## [EXERCISE]
Reproduce, exactly and only, the lines of the data that follows from the one containing "cls shooting brake" down to the one containing "Chevrolet Traverse 2017, фото", without pictures.

## [RECORDS TO USE]
'''

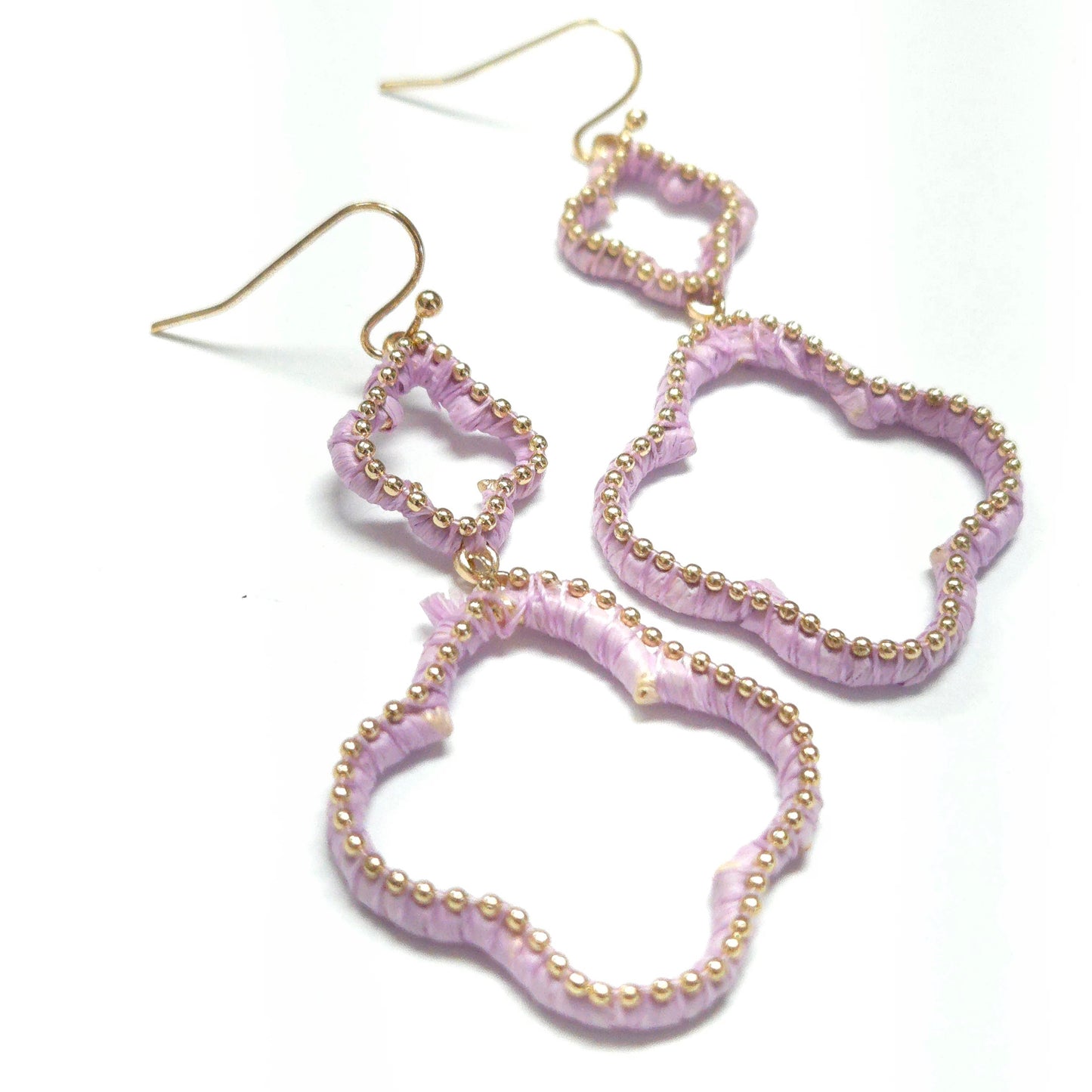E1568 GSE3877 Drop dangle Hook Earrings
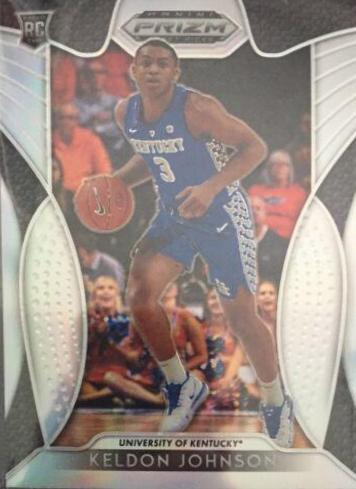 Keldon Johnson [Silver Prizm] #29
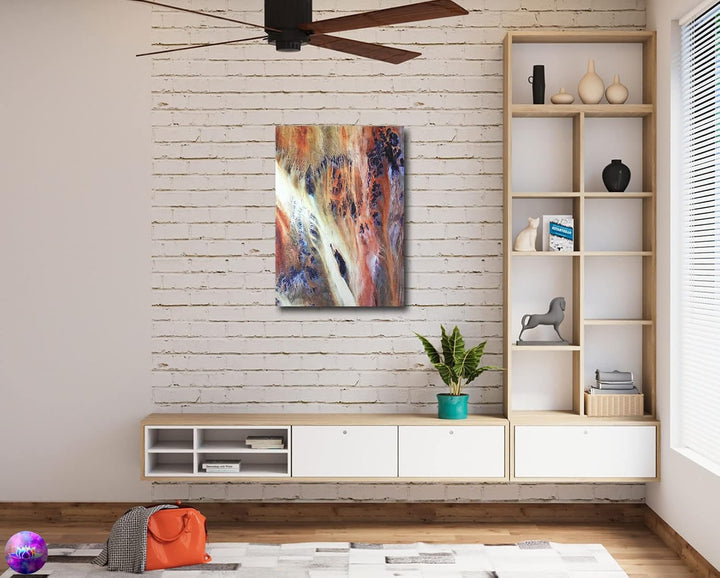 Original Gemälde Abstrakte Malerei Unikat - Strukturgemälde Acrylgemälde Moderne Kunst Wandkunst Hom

'''
'''

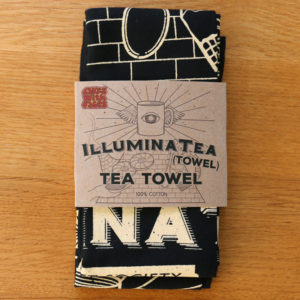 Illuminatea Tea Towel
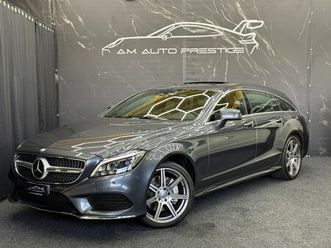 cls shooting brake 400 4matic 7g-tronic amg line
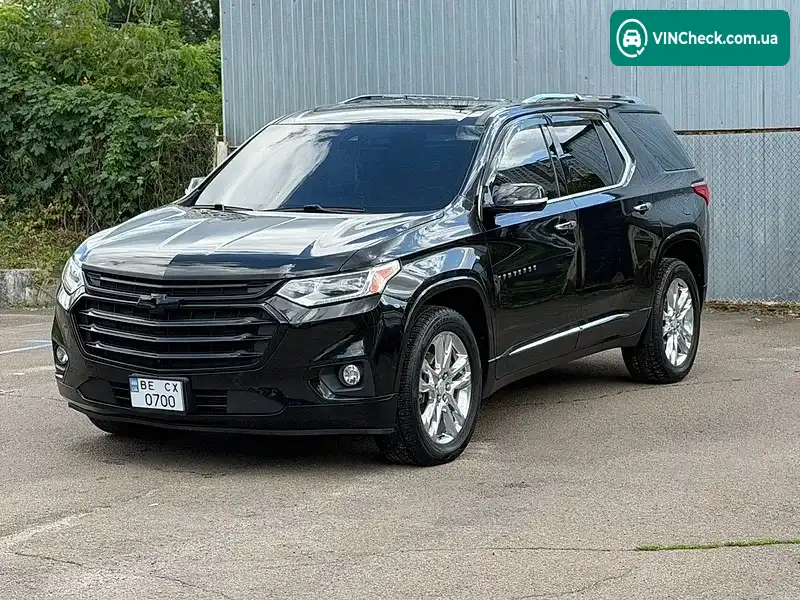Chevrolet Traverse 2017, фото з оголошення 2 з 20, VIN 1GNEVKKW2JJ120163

'''

## [WRITTEN ANSWER]
 cls shooting brake 400 4matic 7g-tronic amg line
Chevrolet Traverse 2017, фото з оголошення 2 з 20, VIN 1GNEVKKW2JJ120163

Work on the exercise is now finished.